Isso significa gerar outros espaços, outras vezes, outras dinâmicas. Isso envolve colocar estudantes na frente de outras oportunidades de aprendizagem. Isso envolve colocar os estudantes na frente de conhecimentos e práticas que no ambiente social não estão disponíveis.
A escola deve fazer a diferença. Deve produzir um valor acrescentado para o conhecimento que estão disponíveis, ajudar a construir uma posição diferente em relação ao conhecimento e ao mundo, não como um recuo às práticas clássicas do mundo letrado, mas ao colocar essas práticas nos novos contextos e diálogo com elementos emergentes da cultura digital. Nesta construção, conviverão as telas e livros, em uma hibridização criativa, em uma mistura pedagógica que requer inventividade e um projeto intencional. Nesta construção surgirão novos espaços para desenvolver práticas livres e interessantes em relação a objetos de cultura inseridos em bibliotecas, salas de laboratório e experimentação, etc. A construção desses processos envolve adultos competentes e preparados, com uma distância cultural fundada dos fatos de transmissão.
Essa é a base da autoridade pedagógica, de uma assimetria que deve continuar a ser reivindicada. Pode-se recordar, a este respeito, o que Paulo Freire disse sobre a importância de sustentar um professor-lugar, diante da demanda de se tornar colega-tia. O lugar dos professores é abrir portas e colocar sinais.

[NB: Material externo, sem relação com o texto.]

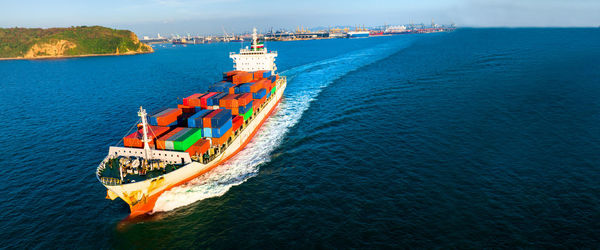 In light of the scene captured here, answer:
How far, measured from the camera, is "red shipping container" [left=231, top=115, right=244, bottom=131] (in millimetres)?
37638

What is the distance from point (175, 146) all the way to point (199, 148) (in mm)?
2522

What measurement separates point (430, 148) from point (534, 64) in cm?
6850

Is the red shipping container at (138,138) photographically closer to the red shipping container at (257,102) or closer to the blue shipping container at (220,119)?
the blue shipping container at (220,119)

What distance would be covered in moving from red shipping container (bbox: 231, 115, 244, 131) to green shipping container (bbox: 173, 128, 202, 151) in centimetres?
497

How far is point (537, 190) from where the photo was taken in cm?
2598

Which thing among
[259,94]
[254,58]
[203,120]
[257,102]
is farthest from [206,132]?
[254,58]

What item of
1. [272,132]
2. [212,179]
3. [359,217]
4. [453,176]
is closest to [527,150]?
[453,176]

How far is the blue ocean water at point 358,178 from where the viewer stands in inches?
869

Embora as instituições, o contexto das redes contemporâneas, tomem formas cada vez mais horizontalizadas, a assimetria baseada no profissionalismo e a referência do adulto não podem ser suprimidas.

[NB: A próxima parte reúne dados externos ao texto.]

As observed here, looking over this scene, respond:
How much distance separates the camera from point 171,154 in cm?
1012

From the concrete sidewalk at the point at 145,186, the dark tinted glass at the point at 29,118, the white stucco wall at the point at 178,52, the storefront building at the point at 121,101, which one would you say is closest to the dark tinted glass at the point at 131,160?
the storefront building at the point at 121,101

No contexto atual, esta não é uma imposição natural. Deve ser trabalhado e construído. O espaço da escola será o lugar da palavra e da imagem, o espaço da simbolização e o icônico, o tempo para pensar sobre as inscrições da cultura, o passado e a memória coletiva, e os diferentes campos do conhecimento que foram constituídos nessa história, para produzir e atender a novas invenções.

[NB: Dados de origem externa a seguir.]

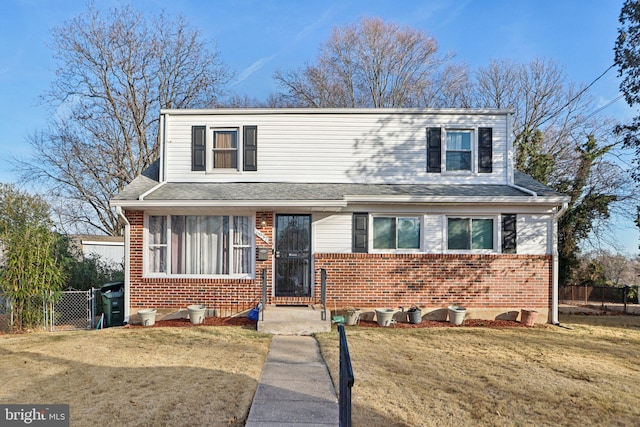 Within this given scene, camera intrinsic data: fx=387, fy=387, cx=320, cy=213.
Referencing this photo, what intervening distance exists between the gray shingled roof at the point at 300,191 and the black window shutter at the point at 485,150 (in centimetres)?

A escola aberta para o novo deve gerar alfabetização simultânea nos campos letrados e digitais. Além disso, deve recuperar algumas demandas que foram levantadas com força no século XX: uma relacionada à formação para o trabalho e ao desempenho do cidadão. No primeiro caso com as dificuldades de um mundo em que reina o desemprego em massa. No segundo caso, com os desafios de convivência, coexistência e convivência em diversidade.
Isso envolve regulamentos e acordos. Ele assume leis e flexibilidade. Isso implica uma democracia reflexiva e consciente que é aprendida na vida cotidiana. A este respeito, há muito a pensar sobre as tensões contemporâneas da democracia. No mundo da Internet, de instantaneidade e velocidade, há tendências crescentes para a individualização da referência e para o confinamento privativo. A escola é um dos poucos espaços públicos que são preservados como tal. Essa realização transforma-o em um lugar de exercício e prática cívica e democrática, na ágora. A escola é constituída no espaço que é simultaneamente um lugar para a aprendizagem regulada e para ser e estar em liberdade. Essas reformulações envolvem uma outra reflexão séria do trabalho dos adultos. Isso implica um novo profissionalismo coletivo para o ensino.
A seguinte nota será sobre esses tópicos.